Let $V$ be a vector space over $\mathbb {R}$ and $Q: V \to \mathbb {R}$ a quadratic form. The Clifford algebra $C(V; Q)$ is defined by the quotient

$C(V; Q) = \frac{\bigoplus _{k = 0}^\infty V^{\otimes k}}{(x \otimes x - Q(x))}.$

Example

Let $Q_ k$ be the standard negative-definite quadratic form on $\mathbb {R}^ k$, so that

$Q(x_1, \ldots , x_ k) = - \sum x_ i^2.$

We define $C_ k = C(\mathbb {R}^ k; Q_ k)$ and $C_ k' = C(\mathbb {R}^ k; -Q_ k)$. These are the Clifford algebras we are interested in.

Observe that our Clifford algebras are non-commutative algebras. For many purposes, it is convenient to treat them as $\mathbb {Z}_2$-graded algebras 1 , with $V$ being in degree $1$. In particular, it gives the correct tensor product.

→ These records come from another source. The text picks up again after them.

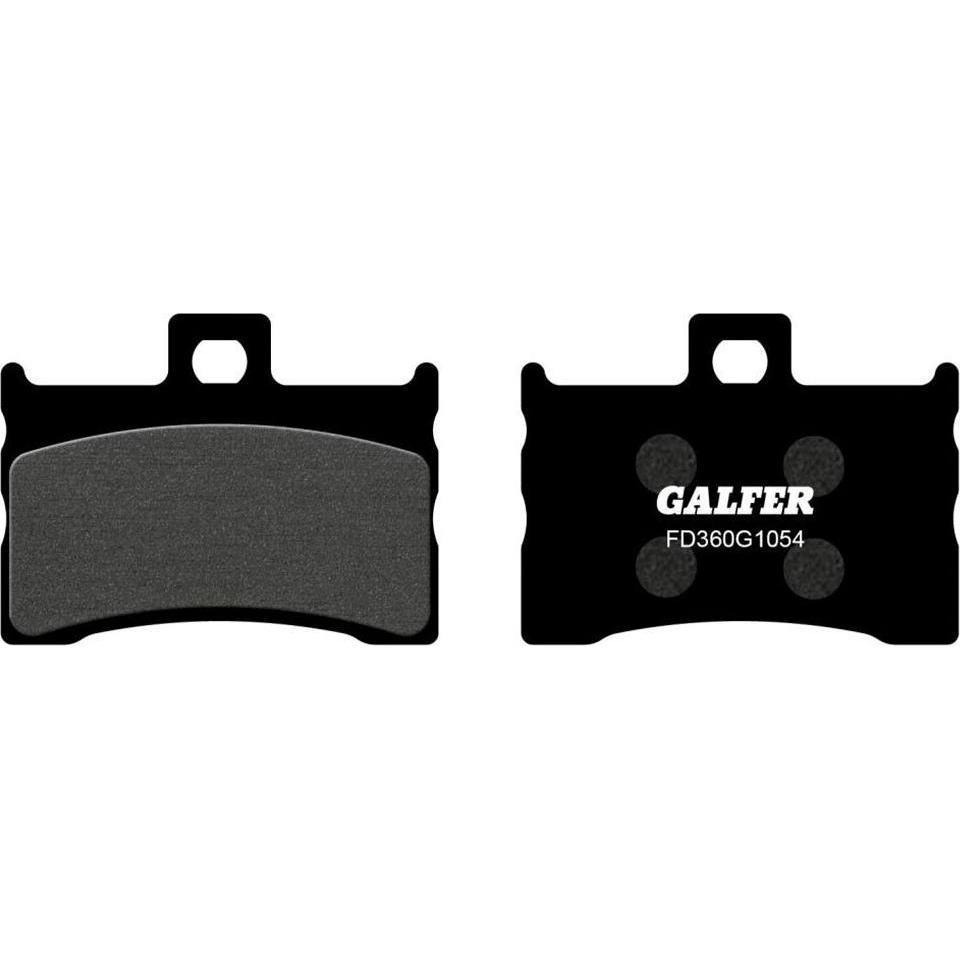 Galfer Bike, Bremsbeläge, (Semi-Metallisch)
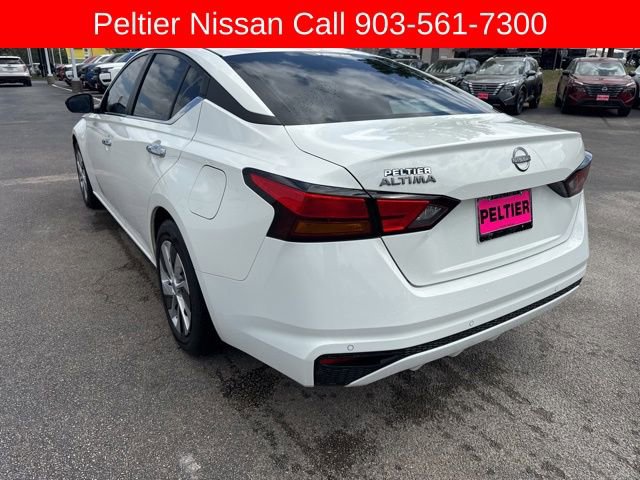 Used 2025 Nissan Altima 2.5 S FWD image 5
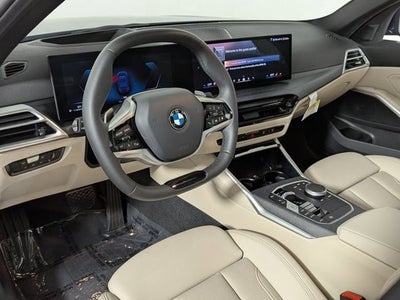 2025 BMW 330i xDrive 330i xDrive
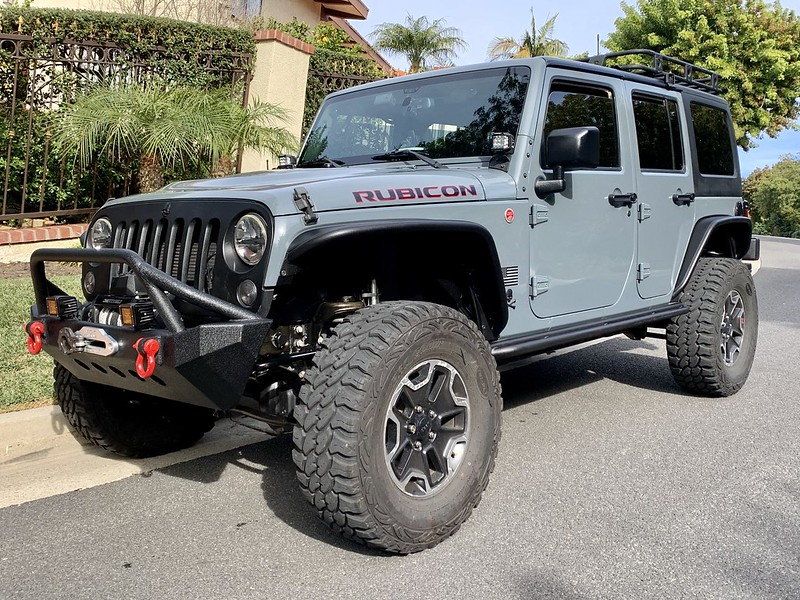 JK to JL :)  - The top destination for Jeep JK and JL Wrangler  news, rumors, and discussion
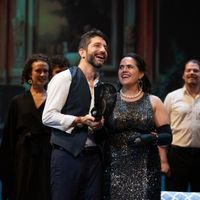 Review: Crutchfield's Teatro Nuovo Turns Fairy Godmother as CRISPINO Returns to New Y Photo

Recall that if $A, B$ are $\mathbb {Z}_2$-graded algebras, then the graded tensor product $A \mathbin {\hat\otimes }B$ is defined by the algebra with underlying vector space $A \otimes B$ and multiplication

$(x \otimes y) \cdot (v \otimes w) = (-1)^{|y| |v|} xv \otimes yw.$

Lemma

If $V = V_1 \oplus V_2$ and $Q(x + y) = Q_1(x) + Q_2(y)$ for all $x \in V_1$ and $y \in V_2$, then

$C(V; Q) = C(V_1; Q_1) \mathbin {\hat\otimes }C(V_2; Q_2).\fakeqed$
Here the graded product is needed because we want

$Q(a + b) = (a \otimes 1 + 1 \otimes b)^2 = a^2 \otimes 1 + 1 \otimes b^2 = Q_1(a) + Q_2(b).$

From this lemma, we immediately deduce that

Corollary

We have

$C_ k = \underbrace{C_1 \mathbin {\hat\otimes }\cdots \mathbin {\hat\otimes }C_1}_{k\text{ times}}.$

Explicitly, $C_ k$ is generated by $e_1, \ldots , e_ k$ subject to the relations

$e_ i^2 = -1,\quad e_ i e_ j + e_ j e_ i = 0.$

In particular, $\dim C_ k = 2^ k$, and the dimension in each degree is $2^{k - 1}$. Similar statements can be made for $C_ k'$.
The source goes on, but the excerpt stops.